▶ _Exercise_
Give back all the data below exactly as it is shown.

▶ _Records for the exercise_
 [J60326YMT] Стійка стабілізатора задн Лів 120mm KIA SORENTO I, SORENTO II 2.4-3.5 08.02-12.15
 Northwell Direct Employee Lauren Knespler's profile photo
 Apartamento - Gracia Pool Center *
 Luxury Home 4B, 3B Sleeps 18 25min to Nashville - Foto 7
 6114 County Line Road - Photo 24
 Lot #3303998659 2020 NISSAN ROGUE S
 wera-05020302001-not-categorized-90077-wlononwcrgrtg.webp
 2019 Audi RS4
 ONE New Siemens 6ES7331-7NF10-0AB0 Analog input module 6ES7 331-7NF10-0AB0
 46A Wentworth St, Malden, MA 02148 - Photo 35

▶ _Exercise response_
 [J60326YMT] Стійка стабілізатора задн Лів 120mm KIA SORENTO I, SORENTO II 2.4-3.5 08.02-12.15
 Northwell Direct Employee Lauren Knespler's profile photo
 Apartamento - Gracia Pool Center *
 Luxury Home 4B, 3B Sleeps 18 25min to Nashville - Foto 7
 6114 County Line Road - Photo 24
 Lot #3303998659 2020 NISSAN ROGUE S
 wera-05020302001-not-categorized-90077-wlononwcrgrtg.webp
 2019 Audi RS4
 ONE New Siemens 6ES7331-7NF10-0AB0 Analog input module 6ES7 331-7NF10-0AB0
 46A Wentworth St, Malden, MA 02148 - Photo 35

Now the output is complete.